An example of ALK amplification in a lung adenocarcinoma case. The majority of tumor cells showed 6 to 20 copies of ALK gene or cluster ALK signals (60x).

1.5.2. Co-Existent Driver Mutations

Others have reported in earlier studies that ALK rearrangements are mutually exclusive with other driver mutations, e.g., mutations in EGFR or KRAS, ROS1 rearrangement, RET rearrangement or MET amplification [14,15,77]. Patients with one of these mutations might be excluded for ALK rearrangement testing at that time [16,17,68,78]. Recently, cases with coexistence of two or more driver mutations including ALK rearrangement have been reported [79,80,81], in part attributable to detection of multiple biomarkers from the same specimen and/or utilization of technologies, such as NGS, which detects multiple hotspots simultaneously. Therefore, a comprehensive genomic testing of many known driver mutations in NSCLC specimens, including at least ALK, ROS1, RET, MET, ERBB2, BRAF and KRAS genes, has been proposed if NGS based methodology is performed [68]. It seems likely that more cases with co-existing driver mutations will be identified. However, it remains unknown whether the co-existing driver mutations are from the same tumor cells, for which one targeted agent may be applied, or from different tumor cells representing a type of intratumoral heterogeneity, for which various specific agents for different targets may be necessarily applied simultaneously or one after another.
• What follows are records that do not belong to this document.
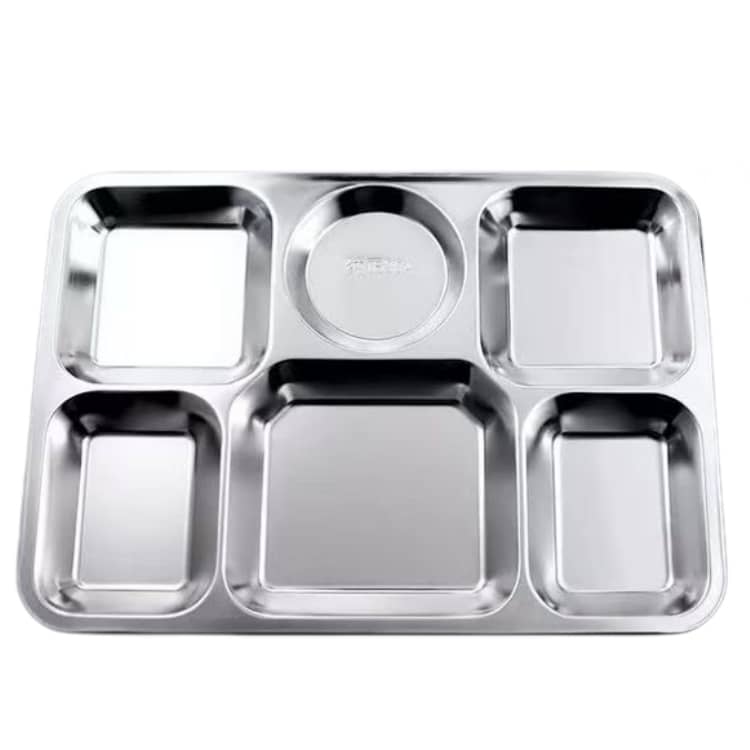 Chinese-style large 6-compartment dinner tray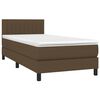 vidaXL Boxspringbett mit Matratze & LED Dunkelbraun 100x200 cm Stoff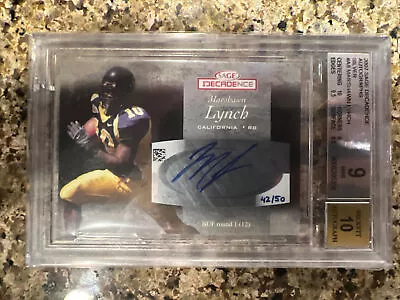 Marshawn Lynch Autographed 2007 Sage Decadence Silver BSG 9 MT 10 Auto #42/50 • $400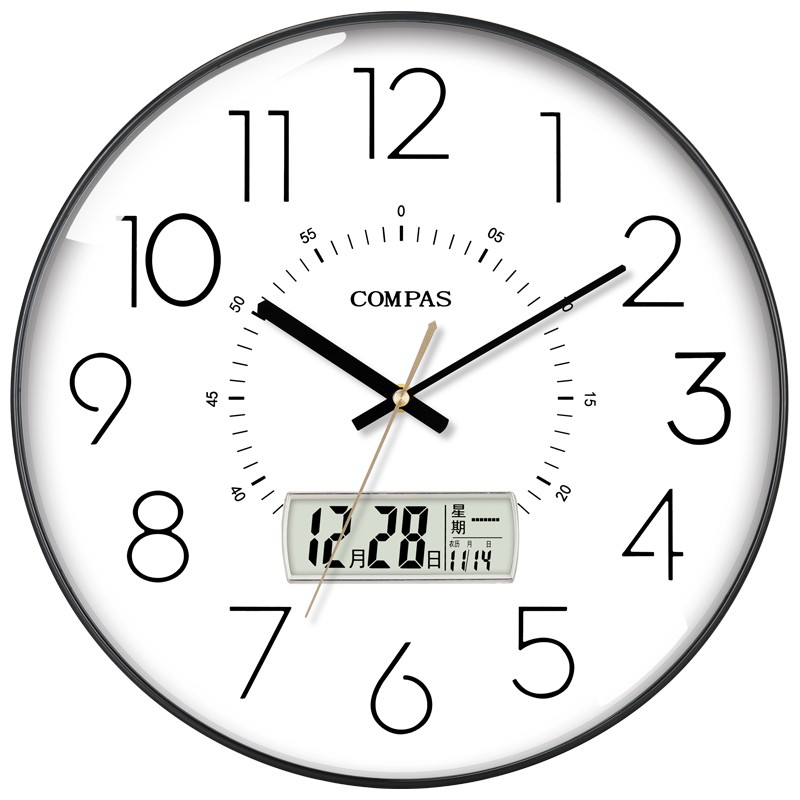 康巴丝（Compas） 挂钟电波钟客厅万年历创意钟表表挂墙日历温度显示智能自动对时电波钟D6219 电波钟黑色 35CM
In summary, the FDA-approved Vysis Break Apart ALK FISH probe has served as the “gold standard” for assessment of ALK status in NSCLC specimens during the past decade and is still widely used in clinical laboratories in the United States. In this concise review, we have discussed practical issues related to several clinically relevant technical aspects, including: the pros and cons of the unique two-step (50- to 100-cell) analysis approach; the preset cutoff value of ≥15% for a positive result; technical causes and biology of discordant results obtained by different methods; and incidental findings during ALK FISH testing [68].

2. Conclusions

Both “borderline negative” and “borderline positive” ALK FISH results can be a huge challenge to correctly interpret. For these clinical scenarios, a reflex test should be available. Cases with discordant results obtained by different methods, e.g., ALK FISH and ALK IHC, should be further investigated, e.g. by NGS-based method(s). A test algorithm is strongly recommended for clinical laboratories where several tests for ALK status in NSCLC specimens are offered and/or available.